Il Presidente della Repubblica Sergio Mattarella rivolge il suo indirizzo di saluto in occasione della cerimonia di consegna del “Ventaglio” da parte dell’Associazione Stampa Parlamentare, Roma, 27 luglio 2016. ANSA / US QUIRINALE – PAOLO GIANDOTTI

ROMA – Mentre “il demone della violenza” riconquista l’Europa e “il terrorismo islamista” punta a scatenare una guerra di religione globale, purtroppo in Italia si assiste a dibattiti a volte surreali “quasi sulla scia della caccia ai Pokemon”, come quello che da settimane si avviluppa sulla data del referendum confermativo delle riforme costituzionali. Sergio Mattarella, alla vigilia della pausa estiva e in previsione di un autunno bollente, cerca di raffreddare i toni e riportare le regole al centro del dibattito politico.

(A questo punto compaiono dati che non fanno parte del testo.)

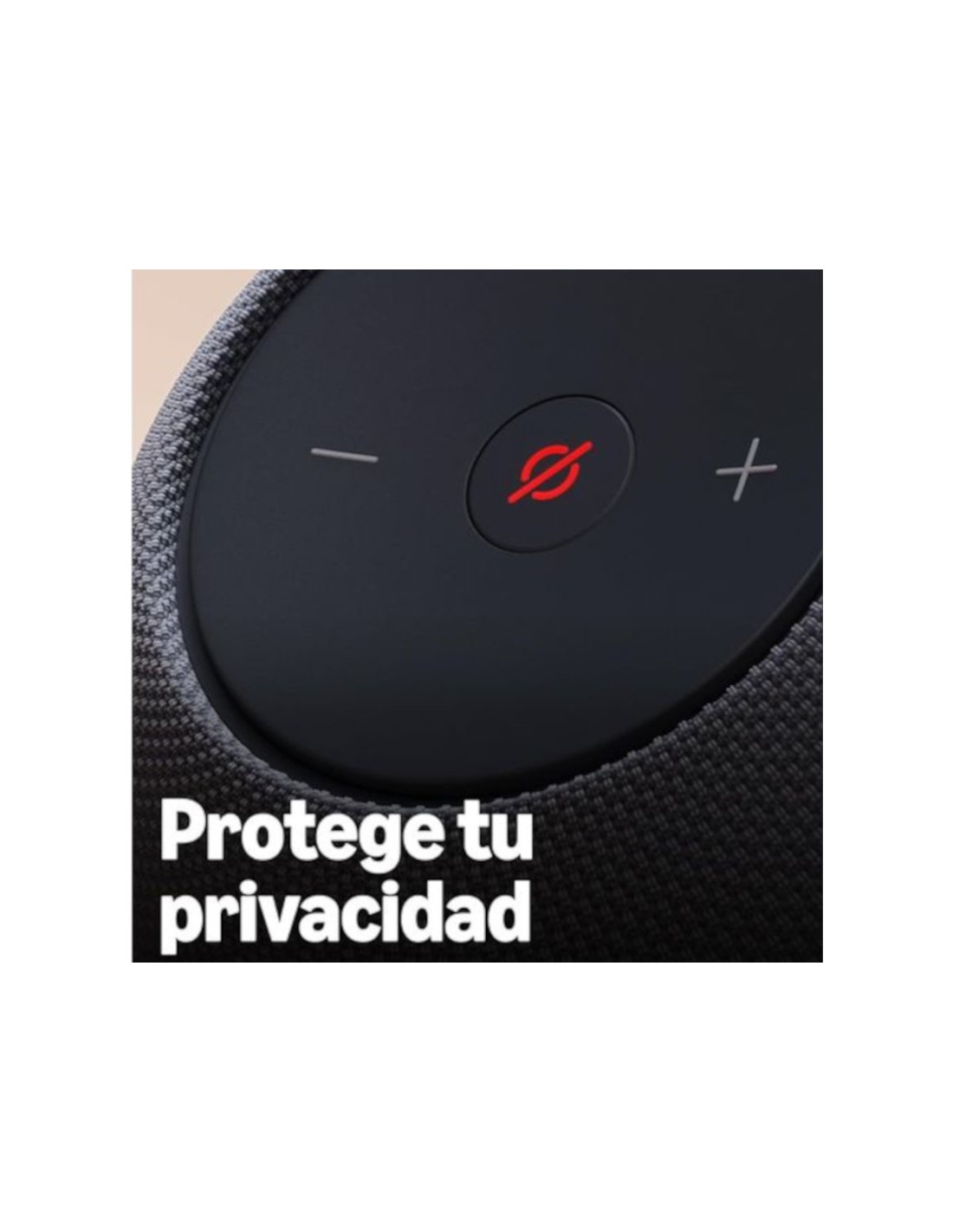 Altavoz inteligente Amazon Echo Dot Max 2025 WiFi en Logroño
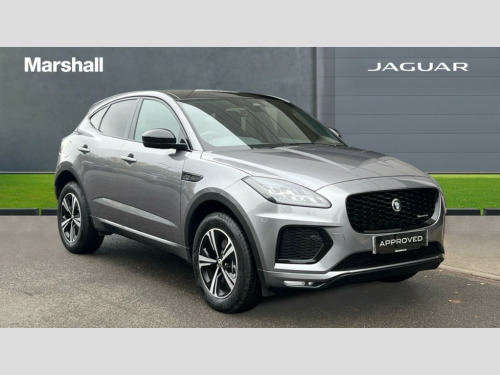 Jaguar E-PACE  Jaguar E-pace Diesel Estate 2.0 D200 R-Dynamic S 5dr Auto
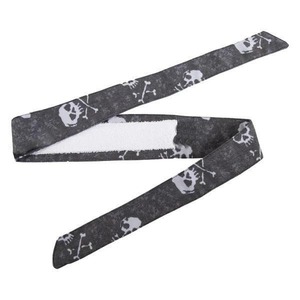 Diadema Profesional para Paintball, Serie Signature, Diseño 'Long Tail', para Jugadores de la Liga Profesional, Personalizable con Marca - Product Image 2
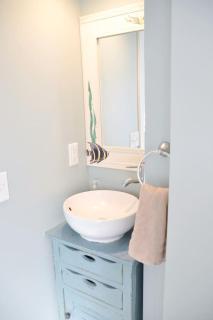 Steps to Beach 2BR 2BA duplex - Atlantic Beach - 4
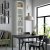 IKEA Витрина BILLY / OXBERG (ИКЕА БИЛЛИ / OXBERG) 29287445 фото - 15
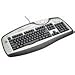 TRUST Multimedia Scroll Keyboard KB-2200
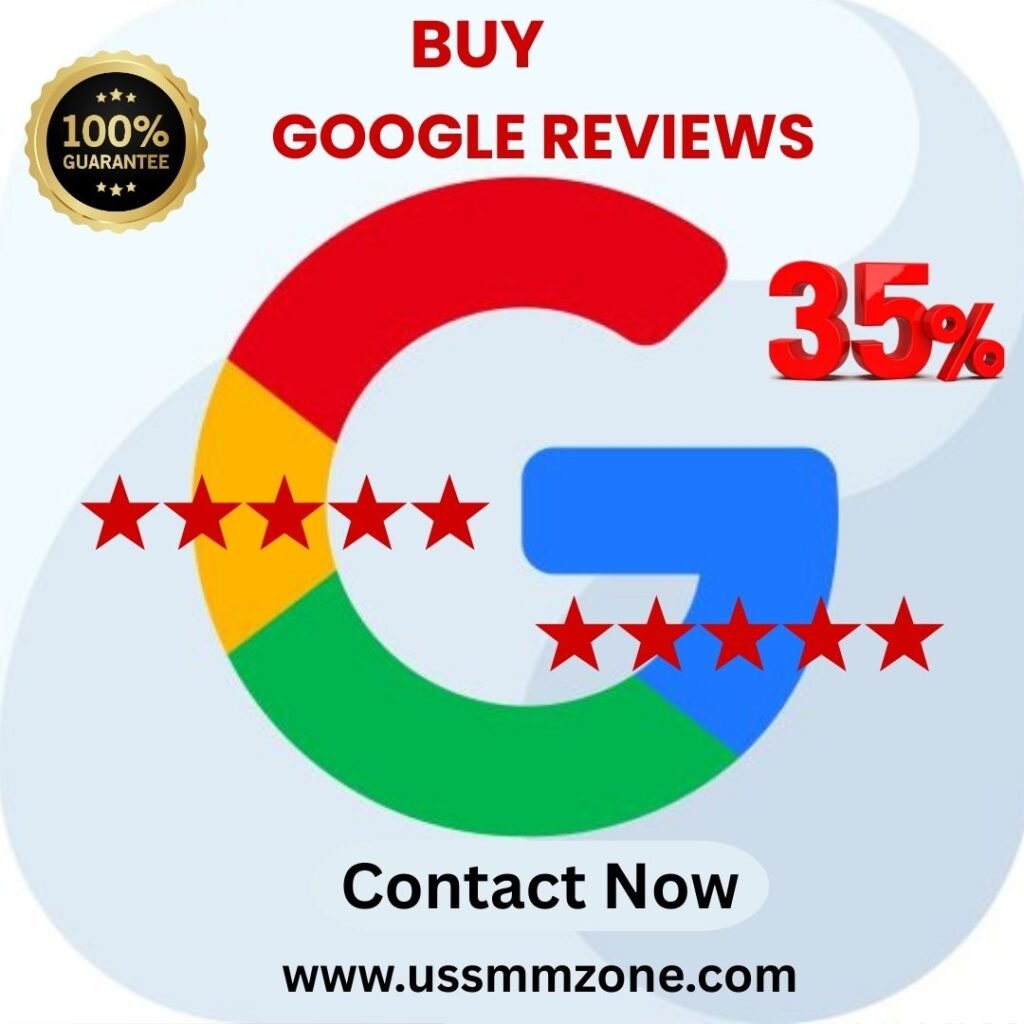 Buy Google Reviews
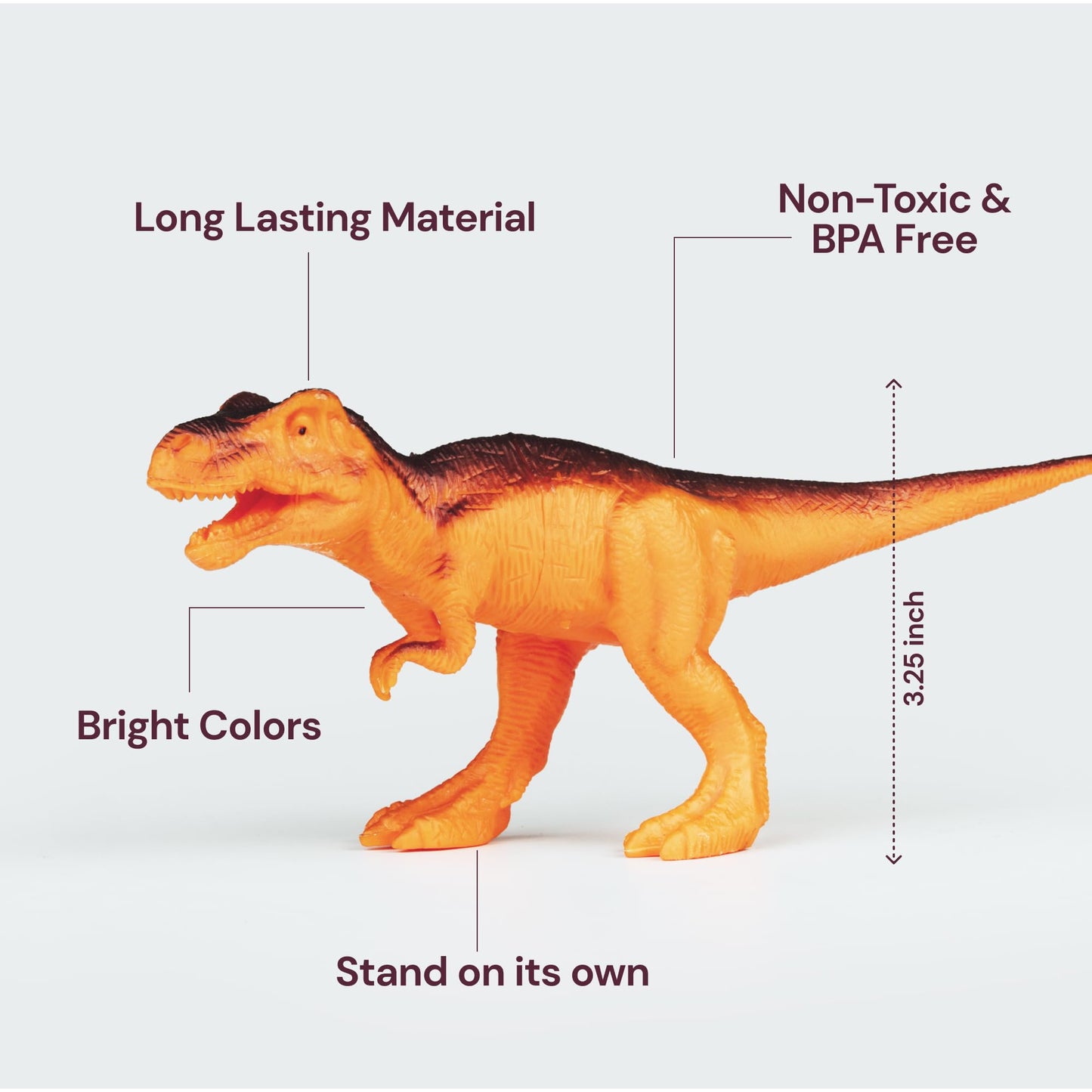 Soft Dinosaur Toys for Toddler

Il presidente costituzionalista non si sottrae al tema e in punta di diritto lo affronta con decisione basandosi su una premessa:
– In un momento di crisi profonda e diffusa come questo un grande Paese come il nostro ha il dovere di essere unito, per infondere fiducia e forza.

Stragi continue, attacchi nel cuore dell’Europa, sgozzamenti anche nei luoghi sacri devono far riflettere tutti, dai media ai politici. Tornare con i piedi per terra, dice in sostanza Mattarella incontrando i giornalisti al Quirinale per la tradizionale cerimonia della consegna del “ventaglio”. Quindi ripulire lo strumento del referendum da scorie dannose e inutili.

Per il capo dello Stato il confronto tra sostenitori del No e del Sì si deve svolgere “sul merito della riforma sottoposta al voto popolare perché l’elettorato si esprima con piena consapevolezza, nella sua sovranità”.
Niente sovrapposizioni strumentali, fibrillazioni improprie o, ancora peggio, risibili dimenticanze delle regole che sono chiare. E Mattarella le snocciola per gli smemorati evocando i simpatici mostriciattoli – vera mania dell’estate – per rendere bene il distacco tra parole e realtà.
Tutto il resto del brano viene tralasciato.